Friday, September 09, 2005

Things

Zen Noir recently screened during the Venice Film Festival, with our sales reps (Marc and Marla Halperin of Magic Lamp Releasing) attending and doing that magic thing they do. Some interesting people saw it, there are some interesting nibbles from distributors, and that's all very nice; the odd thing for me is the difference between this and the theatre experience. As a playwright I wasn't what you'd call screamingly successful--there were a couple of plays I wrote that got produced, but only locally in Chicago. So I never had the experience of something I wrote being produced elsewhere, that strange sensation I'm getting now, of something I helped to create that is finding its own life and journeying around the country, around the world. This thing we made over the course of a few very hot weeks in Topanga Canyon just played in Venice, and in Cannes before that. I've never been to Venice, but this movie I produced has. What an odd and delightful feeling. The closest to it I've ever felt was one year when my short play "Poised" was running at one theatre while at the same time I was performing in some Beckett one-acts at another theatre. That too was odd and delightful. I could get used to this sort of thing pretty easily.

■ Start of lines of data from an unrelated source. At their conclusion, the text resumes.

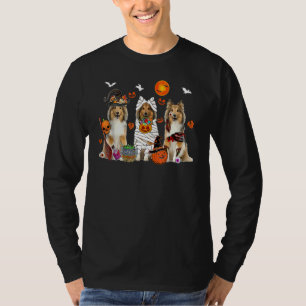 Drei Shetland Sheepdog Hunde Hexe Gruselige Mumie  T-Shirt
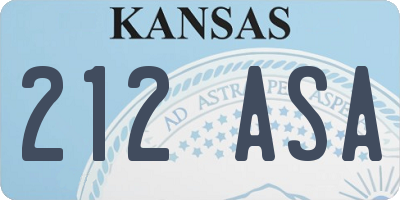 KS license plate 212ASA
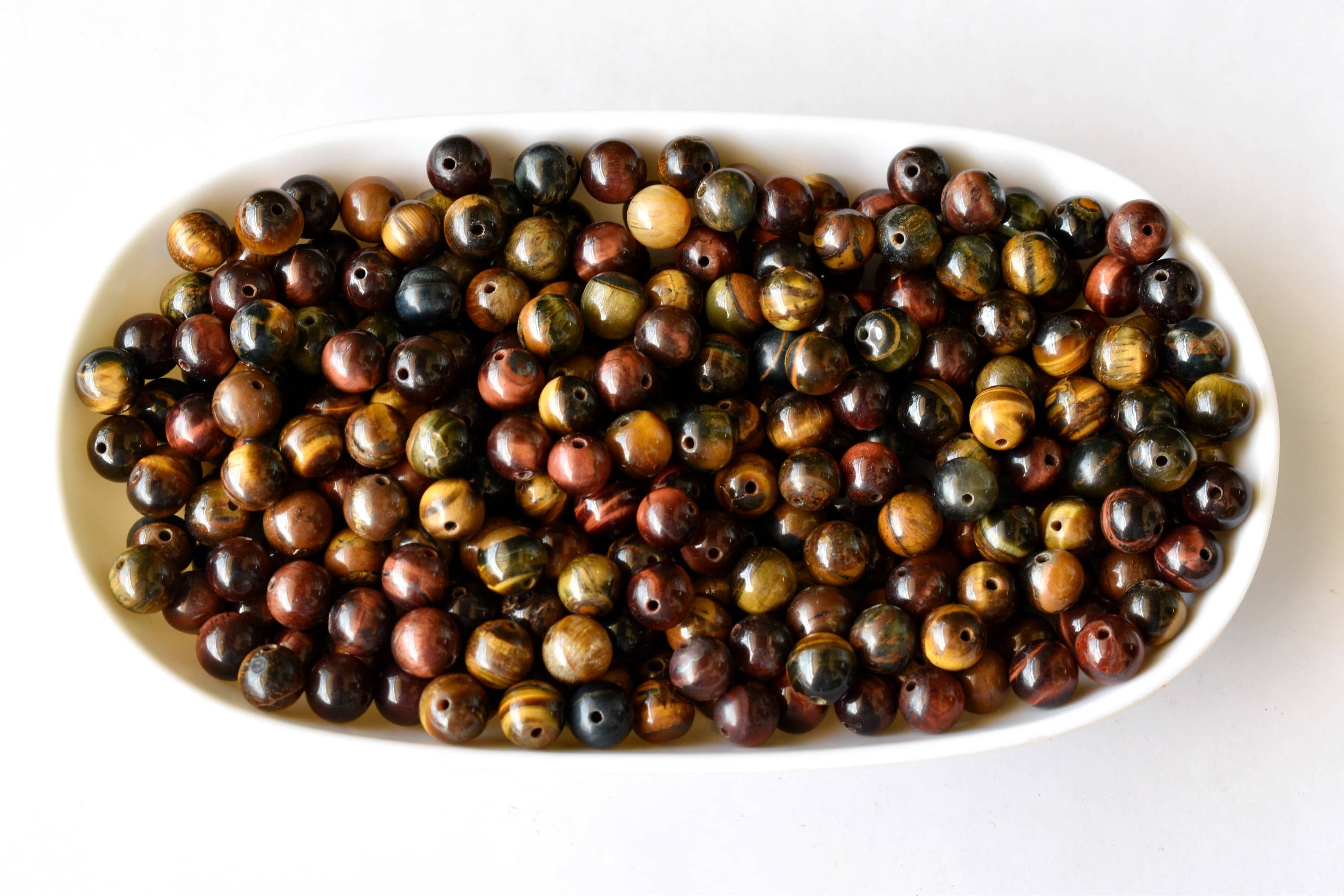 Multi Tiger Eye Beads, Natural Round Crystal Beads 6mm to 10mm DestGlow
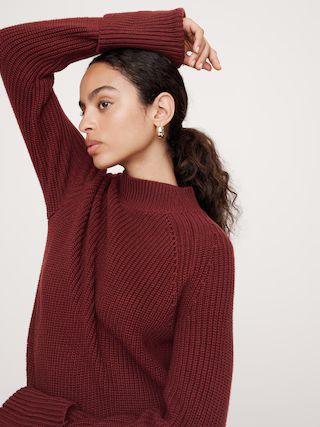 Cotton-Wool Mock-Neck Mini Sweater Dress | Banana Republic (US)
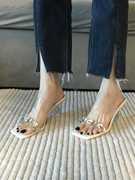 不累脚拖鞋女夏外穿2023年一字带白色粗跟水钻透明高跟鞋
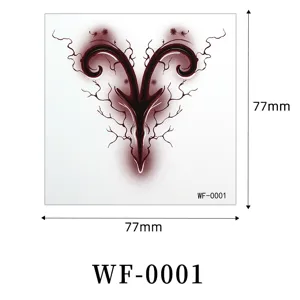 Gothic Aries Zodiac Temporary Tattoo Sticker Waterproof Dark Style Body Art 77x77mm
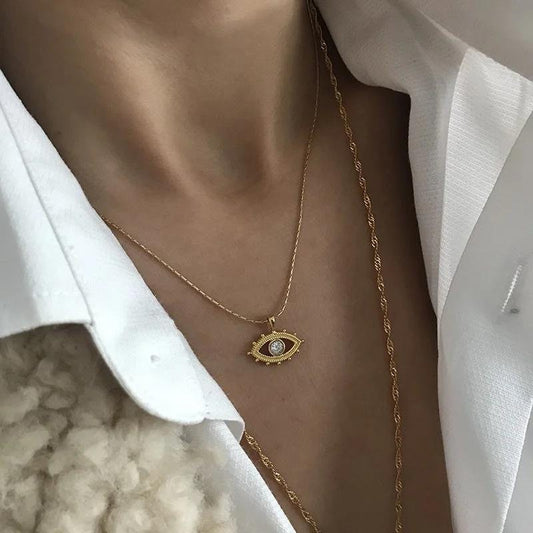 Evil Eye Charm Necklace | Minimalist Gold Plated Filigree Gift for Her | Zircon Stone Dainty Jewelry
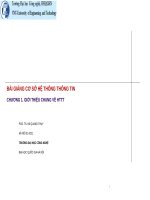 Bài giảng cơ sở hệ thống thông tin chương 1   PGS  TS  hà quang thụy 
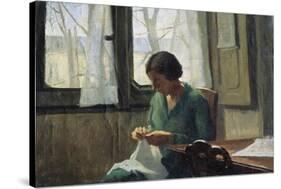 Woman Sewing-Alcide Davide Campestrini-Stretched Canvas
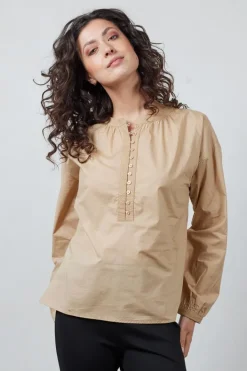 DiDi Blouse Chandy Tan brown- Blouses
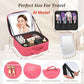 Travel Makeup Bag with Mirror & 8 Adjustable EVA Dividers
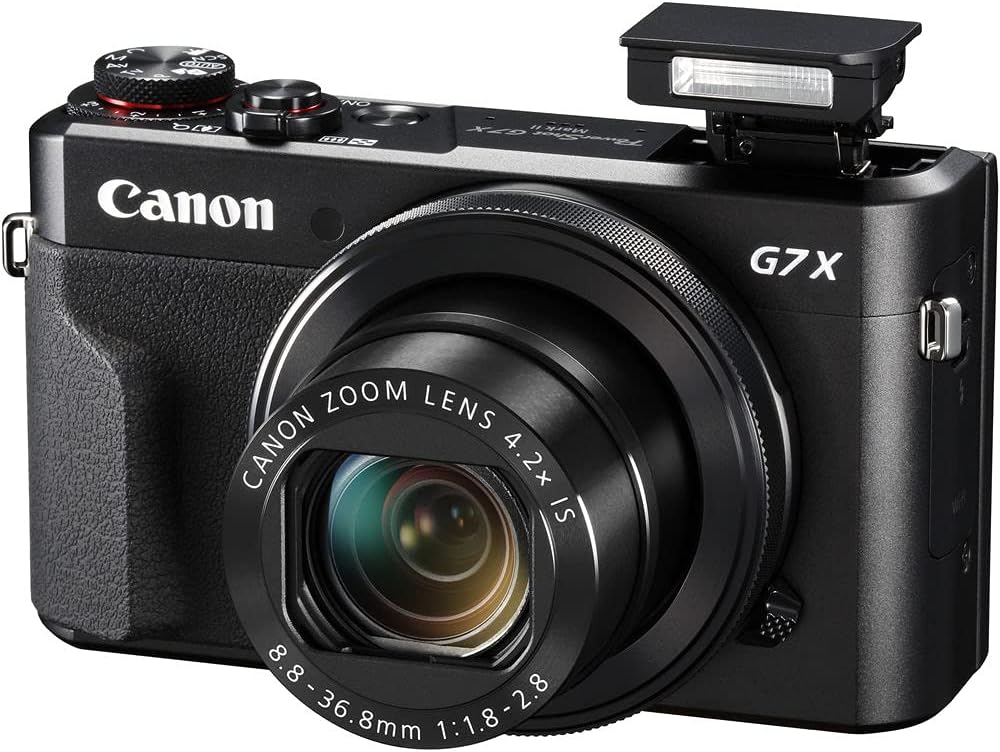 Canon PowerShot G7 X Mark II Digital Camera (Black) 20.1MP 1-Inch CMOS Sensor, DIGIC 7, 4.2X Optical Zoom Lens | Full HD 1080p Video, Wi-Fi, Tilting Touchscreen with Bag and 64GB Card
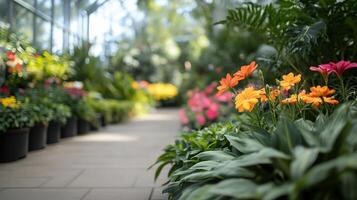 A row of colorful flowers in a greenhouse photo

Mr. Rosenbush is in Idaho this weekend at another festival, this one in Sun Valley, where, this being a spiritual film festival, there will be a lot of Buddhists, our key target audience. The Dalai Lama will be in town at the same time and Marc will be attending some sort of mass ceremony. The screening itself is Saturday night, during which I will be--

--at a party! Outta Sync's wrap party finally happens on Saturday night, four-plus months after we actually wrapped. The nice bit is that there is some footage edited together that everyone can see at the party; the odd bit is that we'll be celebrating the wrapping of principal photography just before some of us get involved again in reshoots and whatnot. In particular, on Tuesday the boys of the band begin rehearsing the final version of our hit single, "2 B neXt 2 U." We had a rough, recorded by Bill Robens, but now we're all going to participate. Time to find out how badly my voice has deteriorated since the last time I did any real singing, in 1989.

(Hey, wow--I went to Amazon to pull up the listing for "Fine Young Madrigals," and they're actually showing a couple copies in stock! I was given a few copies of the cassette tapes at the time but never got a CD--tried a couple months ago and Amazon couldn't find any. By gum, maybe this time it'll actually work out.)

And finally: editing in Final Cut Pro works much, much better if you begin with QuickTime movie clips. I accidentally skipped that little step recently, importing some iMovie clips (in .dv format) that we shot a couple months ago, and had endless trouble till Apple's invaluable message boards finally got me straightened out. But after spending all this time with Final Cut, and the manuals, I still feel like an absolute idiot most of the time. Very discouraging.